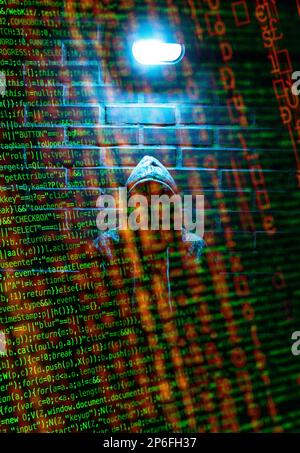 A hacker in a hoodie behind lines of code Stock Photo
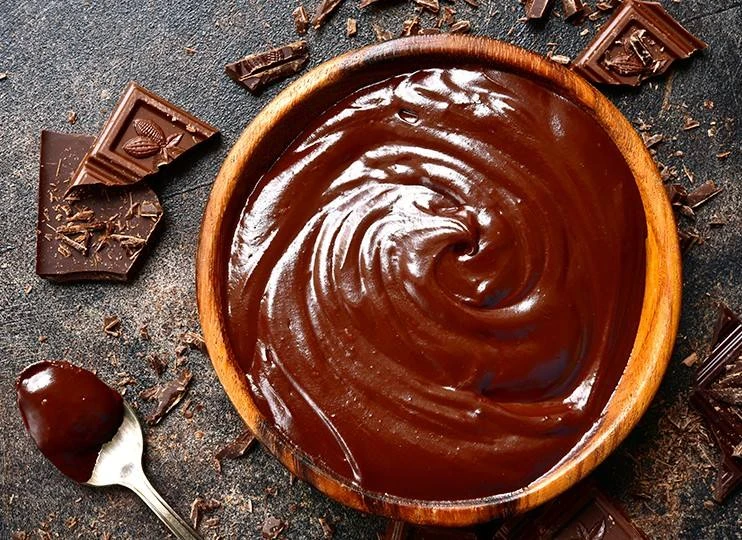 Lesklá čokoládová ganache v dřevěné mísce s kousky tmavé čokolády.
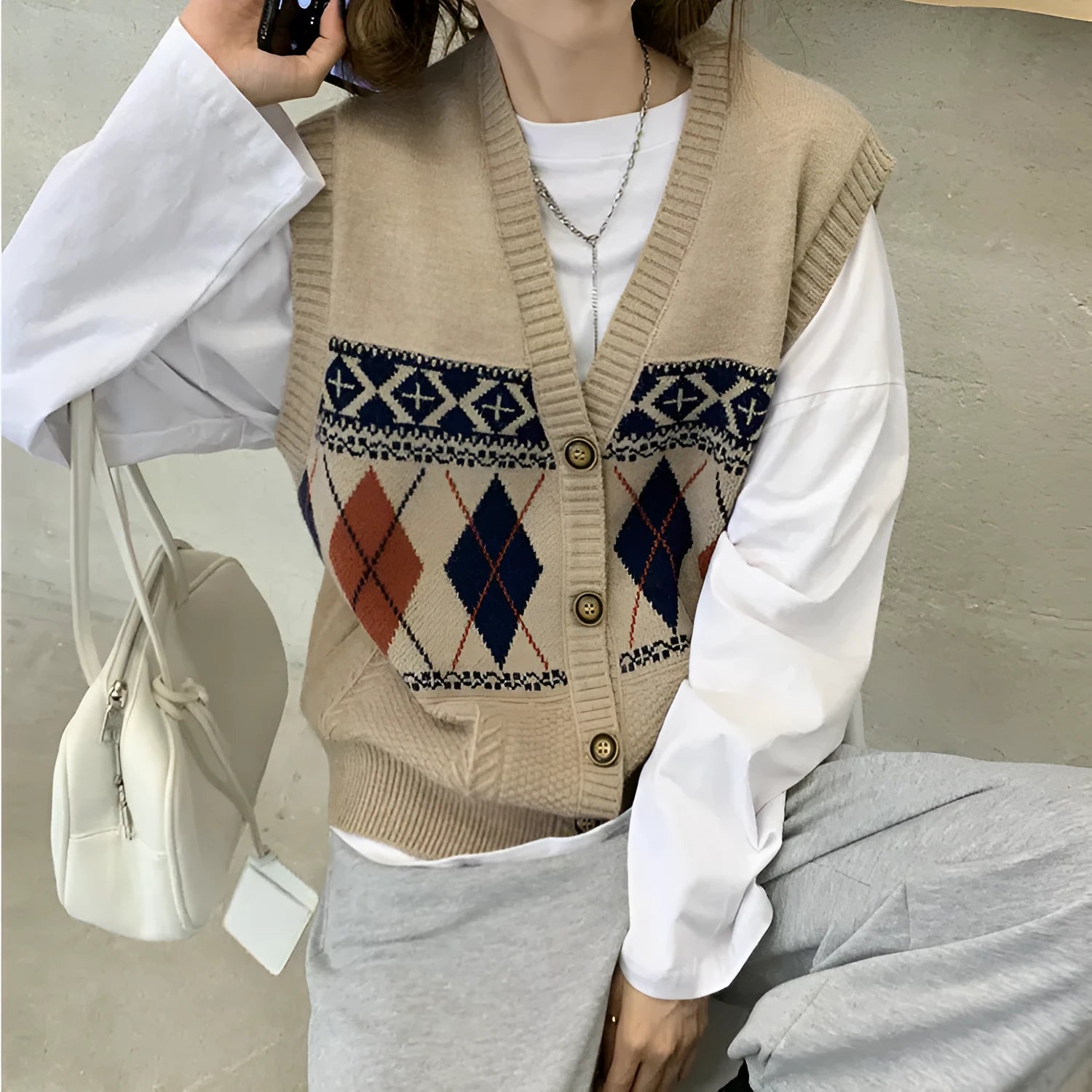 Diamond plaid sleeveless cardigan top in loose fit showing colour options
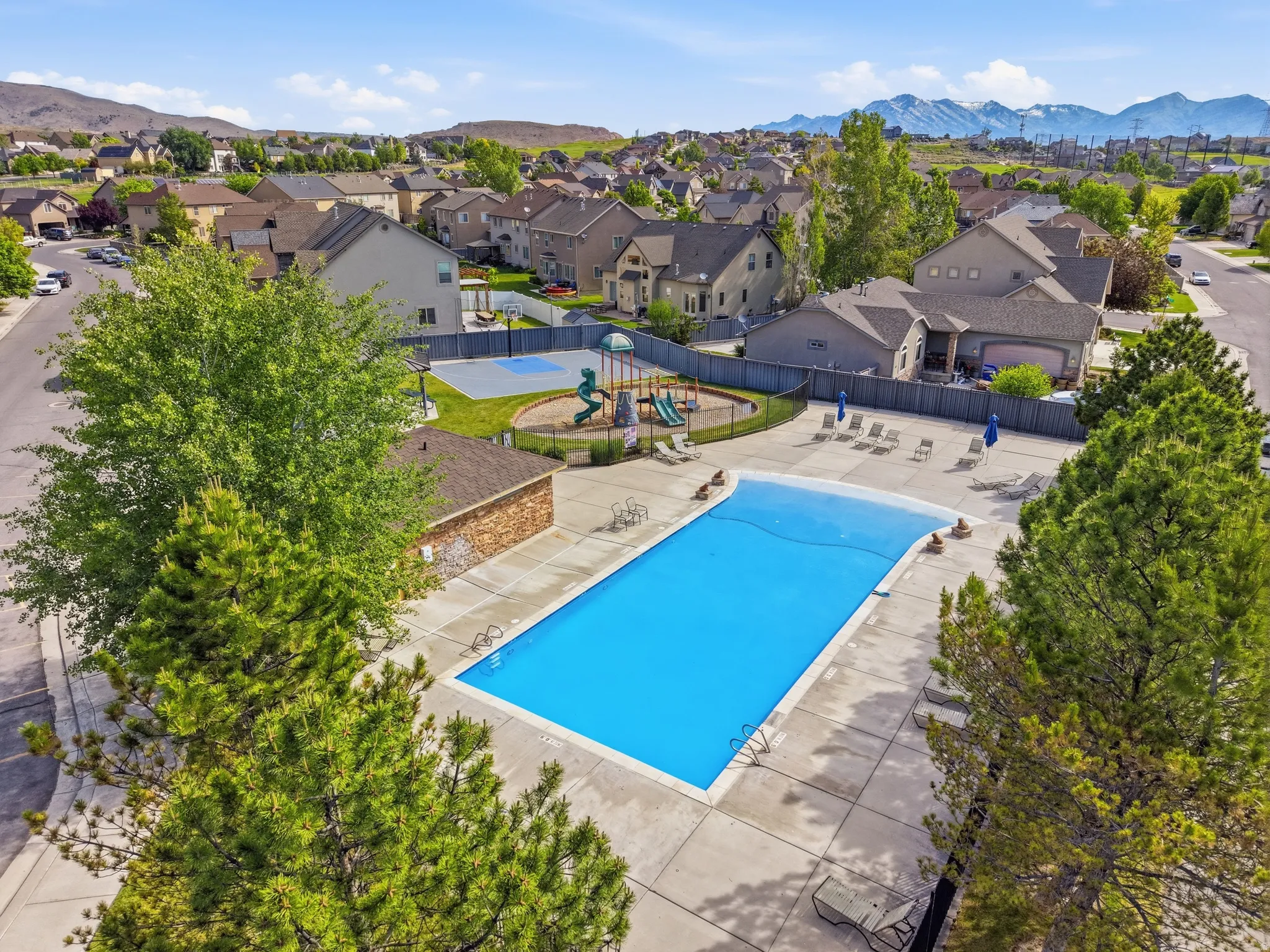 Community amenities featuring a rectangular swimming pool with surrounding concrete decking, a brick-clad amenity building, and a playground with a slide and climbing structure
◆ ◆ ◆ ◆ ◆
_What is expected_
Please return exactly the lines from the one containing "Diamond plaid sleeveless" through the end of the material above, both ends included, but not the pictures.

_Completed task_
 Diamond plaid sleeveless cardigan top in loose fit showing colour options
 Community amenities featuring a rectangular swimming pool with surrounding concrete decking, a brick-clad amenity building, and a playground with a slide and climbing structure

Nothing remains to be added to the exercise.